Wisconsin Bar redefines ‘diversity' to settle discrimination lawsuit
The change, announced by the state bar on Wednesday, comes more than a year after the organization made similar modifications to a diversity program for law students following a partial settlement in the same lawsuit.
The latest settlement, disclosed in a joint court filing on Tuesday by the state bar and the Wisconsin Institute for Law & Liberty, requires the Wisconsin bar to make clear in promotional and application materials that its leadership and law student diversity clerkship programs are open to all law students and state bar members.
Those changes will allow the G. Lane Ware Leadership Academy and Leadership Summit to 'continue unencumbered,' the state bar said.
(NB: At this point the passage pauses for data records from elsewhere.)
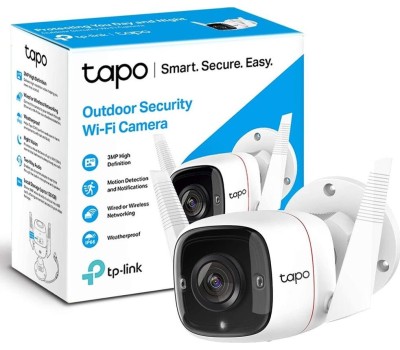 IP-камера TP-LINK TAPO C310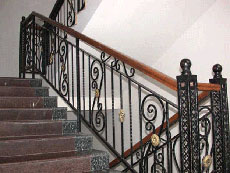 ����¥��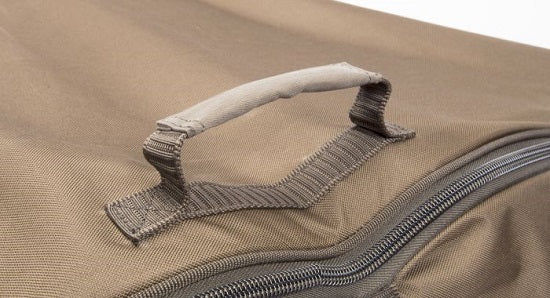 Husa Pat Nash Bedchair Bag Emperor
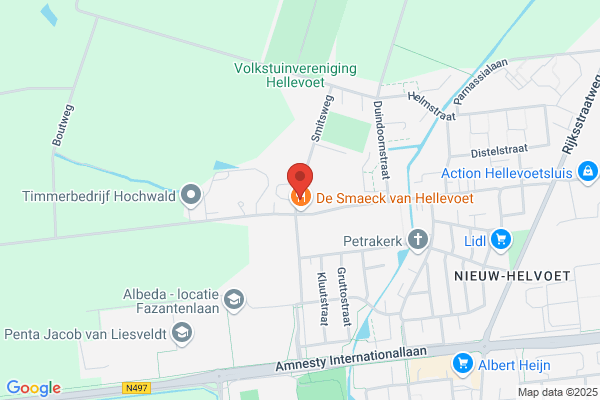 Freudenberg Carriere Management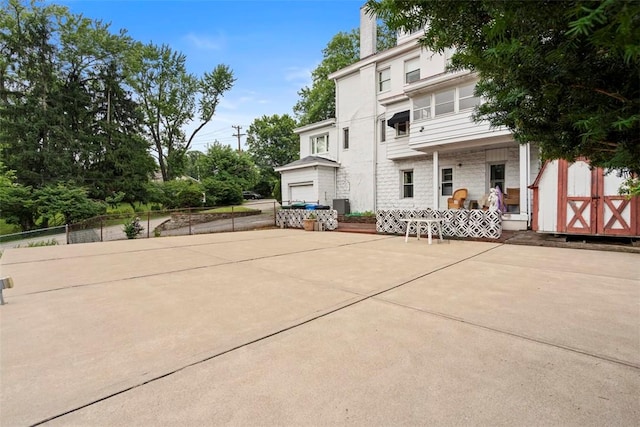 4606 Brownsville Rd, Whitehall, PA 15236 - photo 41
The Ware Leadership Academy is a leadership development course over three two-day sessions annually for "a diverse and inclusive group of lawyers." The Leadership Summit is an annual luncheon for 24 young lawyers who "possess the potential to be the next generation of state bar leaders."
'We are pleased to have reached an amicable agreement that resolves the outstanding litigation,' said Ryan Billings, the Wisconsin Bar's immediate past president, in a statement.
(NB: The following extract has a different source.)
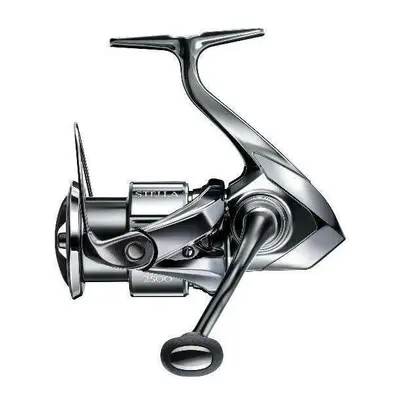 Kołowrotek Stella FK 2500S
Dan Lennington, deputy counsel at the Wisconsin Institute for Law & Liberty, said Thursday that the state bar 'was caught red-handed using race to discriminate against applicants for its programs,' and that diversity and inclusion 'is over at the state bar.'
'We will continue to monitor them, and if they backslide, we will sue them again,' Lennington said.
The state bar's leadership program applications previously referenced 'race, ethnicity, national origin, religion, gender, gender identity, age, sexual orientation and disability,' in their diversity definitions. Under the new definition, diversity means "including people with differing characteristics, beliefs, experiences, interests, and viewpoints.'
The Wisconsin lawsuit is among a series of legal challenges to diversity programs after the U.S. Supreme Court ruled in 2023 that colleges and universities cannot consider race in admissions.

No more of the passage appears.